The 1953 Pulitzer Prize-winning play "Picnic" returns to Broadway, courtesy of the Roundabout Theater Company. Time Out New York's David Cote filed the following report for NY1.
Back in the 1950s, playwright William Inge had a string of Broadway hits, but he fell out of fashion by the end of the decade. Well, maybe we’re ready for an Inge revival.
In recent seasons, we've had excellent productions of his melancholy domestic dramas "The Dark at the Top of the Stairs" and "Come Back, Little Sheba". Now. there’s the Roundabout's sensuous, dreamy and deeply affecting "Picnic".
Staged by the always surprising Sam Gold, who also directed a lean, brutal "Look Back in Anger" last year, "Picnic" captures the essence of its retro period and small-town Kansas locale, without being slavishly tied to realism.
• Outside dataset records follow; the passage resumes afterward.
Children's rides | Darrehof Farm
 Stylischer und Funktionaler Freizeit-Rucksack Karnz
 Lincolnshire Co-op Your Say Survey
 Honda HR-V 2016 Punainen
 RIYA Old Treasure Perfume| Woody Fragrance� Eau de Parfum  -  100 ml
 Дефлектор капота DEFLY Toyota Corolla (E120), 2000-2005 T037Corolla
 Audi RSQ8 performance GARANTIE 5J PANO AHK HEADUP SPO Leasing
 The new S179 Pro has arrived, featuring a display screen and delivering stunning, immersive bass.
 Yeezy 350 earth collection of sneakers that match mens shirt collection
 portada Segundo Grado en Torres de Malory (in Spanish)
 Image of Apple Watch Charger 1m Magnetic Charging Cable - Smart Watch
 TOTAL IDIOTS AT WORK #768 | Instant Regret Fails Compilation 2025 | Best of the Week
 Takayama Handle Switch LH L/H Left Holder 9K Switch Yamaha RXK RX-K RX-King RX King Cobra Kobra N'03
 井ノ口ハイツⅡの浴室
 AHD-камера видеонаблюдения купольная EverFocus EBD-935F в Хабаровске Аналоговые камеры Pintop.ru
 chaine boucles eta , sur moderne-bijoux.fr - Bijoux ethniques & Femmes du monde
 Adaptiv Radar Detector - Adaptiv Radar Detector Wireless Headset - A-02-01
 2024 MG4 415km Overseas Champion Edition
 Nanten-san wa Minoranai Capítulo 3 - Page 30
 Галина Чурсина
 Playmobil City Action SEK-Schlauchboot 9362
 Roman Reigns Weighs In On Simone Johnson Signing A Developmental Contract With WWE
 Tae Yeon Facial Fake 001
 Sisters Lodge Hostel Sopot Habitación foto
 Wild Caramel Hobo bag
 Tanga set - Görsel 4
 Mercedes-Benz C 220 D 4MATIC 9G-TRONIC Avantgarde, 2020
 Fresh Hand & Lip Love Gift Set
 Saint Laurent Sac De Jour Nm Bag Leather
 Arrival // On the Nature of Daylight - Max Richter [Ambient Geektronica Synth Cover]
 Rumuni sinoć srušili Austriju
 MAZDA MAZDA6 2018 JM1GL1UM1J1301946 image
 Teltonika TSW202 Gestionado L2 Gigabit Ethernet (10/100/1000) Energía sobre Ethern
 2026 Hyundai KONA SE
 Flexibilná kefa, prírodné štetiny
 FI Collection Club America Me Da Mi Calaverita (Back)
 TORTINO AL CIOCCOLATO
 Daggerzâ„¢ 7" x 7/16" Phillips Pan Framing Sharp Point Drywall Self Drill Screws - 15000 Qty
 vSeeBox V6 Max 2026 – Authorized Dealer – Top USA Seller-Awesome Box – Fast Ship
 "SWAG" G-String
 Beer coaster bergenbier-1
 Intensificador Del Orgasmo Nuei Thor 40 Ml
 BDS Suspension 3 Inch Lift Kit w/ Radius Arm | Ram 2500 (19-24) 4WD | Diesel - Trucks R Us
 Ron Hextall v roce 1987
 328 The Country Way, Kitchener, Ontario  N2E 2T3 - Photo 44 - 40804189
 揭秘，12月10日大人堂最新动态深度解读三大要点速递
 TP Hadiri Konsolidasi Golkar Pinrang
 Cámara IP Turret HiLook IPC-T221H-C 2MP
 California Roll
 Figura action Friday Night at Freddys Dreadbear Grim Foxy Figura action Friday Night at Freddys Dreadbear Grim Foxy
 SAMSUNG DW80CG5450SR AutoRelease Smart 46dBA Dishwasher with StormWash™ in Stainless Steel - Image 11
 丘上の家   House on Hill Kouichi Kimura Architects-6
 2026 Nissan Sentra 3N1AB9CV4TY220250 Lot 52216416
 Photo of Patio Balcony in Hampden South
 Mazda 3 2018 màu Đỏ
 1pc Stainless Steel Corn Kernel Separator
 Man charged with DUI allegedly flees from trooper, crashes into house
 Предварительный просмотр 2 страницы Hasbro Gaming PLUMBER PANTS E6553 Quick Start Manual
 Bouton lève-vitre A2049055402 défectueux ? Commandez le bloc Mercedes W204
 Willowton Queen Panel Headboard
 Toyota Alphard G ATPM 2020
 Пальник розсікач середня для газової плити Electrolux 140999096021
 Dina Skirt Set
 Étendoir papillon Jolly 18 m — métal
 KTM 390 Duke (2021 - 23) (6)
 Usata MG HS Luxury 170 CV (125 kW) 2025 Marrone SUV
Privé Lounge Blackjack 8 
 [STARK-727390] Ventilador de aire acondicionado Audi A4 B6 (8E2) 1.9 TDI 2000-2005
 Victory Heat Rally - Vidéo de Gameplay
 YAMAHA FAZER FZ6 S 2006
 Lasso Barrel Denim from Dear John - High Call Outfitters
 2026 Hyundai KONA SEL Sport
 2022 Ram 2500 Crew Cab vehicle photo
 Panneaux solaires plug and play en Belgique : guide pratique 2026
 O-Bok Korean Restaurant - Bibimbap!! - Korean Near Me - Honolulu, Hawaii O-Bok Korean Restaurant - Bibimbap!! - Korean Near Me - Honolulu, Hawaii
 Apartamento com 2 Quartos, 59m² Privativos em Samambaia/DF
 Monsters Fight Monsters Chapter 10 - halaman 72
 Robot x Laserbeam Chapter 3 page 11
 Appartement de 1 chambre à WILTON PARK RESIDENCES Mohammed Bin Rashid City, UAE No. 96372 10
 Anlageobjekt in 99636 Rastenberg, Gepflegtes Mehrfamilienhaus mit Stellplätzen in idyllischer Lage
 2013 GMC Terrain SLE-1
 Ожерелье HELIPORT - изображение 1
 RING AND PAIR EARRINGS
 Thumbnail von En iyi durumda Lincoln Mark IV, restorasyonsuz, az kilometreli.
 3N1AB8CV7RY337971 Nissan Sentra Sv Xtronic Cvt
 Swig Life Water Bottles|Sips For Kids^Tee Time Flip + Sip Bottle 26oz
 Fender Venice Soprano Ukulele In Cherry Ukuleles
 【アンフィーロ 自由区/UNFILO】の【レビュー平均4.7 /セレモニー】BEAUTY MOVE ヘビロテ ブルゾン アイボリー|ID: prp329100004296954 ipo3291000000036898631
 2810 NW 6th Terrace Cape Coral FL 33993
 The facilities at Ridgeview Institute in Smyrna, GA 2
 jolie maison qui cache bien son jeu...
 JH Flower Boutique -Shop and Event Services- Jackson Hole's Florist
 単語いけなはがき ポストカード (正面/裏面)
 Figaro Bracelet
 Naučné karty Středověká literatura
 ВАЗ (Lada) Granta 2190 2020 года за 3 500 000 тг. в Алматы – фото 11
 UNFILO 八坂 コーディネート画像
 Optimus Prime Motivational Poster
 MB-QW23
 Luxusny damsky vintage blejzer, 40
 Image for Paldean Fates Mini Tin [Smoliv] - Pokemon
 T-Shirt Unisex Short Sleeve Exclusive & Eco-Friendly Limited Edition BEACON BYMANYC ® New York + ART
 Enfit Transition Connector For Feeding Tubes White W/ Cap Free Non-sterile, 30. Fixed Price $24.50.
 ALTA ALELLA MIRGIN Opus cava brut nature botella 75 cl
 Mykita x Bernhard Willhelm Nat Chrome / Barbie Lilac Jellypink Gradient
So when Sebastian Stan, playing a handsome drifter who gets tangled up with the town beauty, whips off his shirt to reveal a 21st-century set of abs, you can either go with it or cry foul.
The truth is, Stan's character, Hal, is dangerously attractive to the women in the play and he should also seduce the audience. Maggie Grace, the willowy blonde beauty who plays Madge, is equally stunning. To be sure, these young actors are not polished, but their coltishness, the slight slippage between actor and role, works.
Gold mixes his newcomers with stage veterans such as Ellen Burstyn, playing an old maid next-door neighbor; brassy Elizabeth Marvel as a middle-age school teacher desperate for a husband; and Mare Winningham as a fretful mother who wants Madge to rise in the world. Inge’s low-key lyricism blends heartache and hope, centering on insecure youths and regretful adults, all torn between repression and escape. It’s a gossamer tone, and Gold and his actors capture it.
Rich in pathos, attuned to its period but still fresh and, above all, dangerously sexy, "Picnic" is a theatrical feast.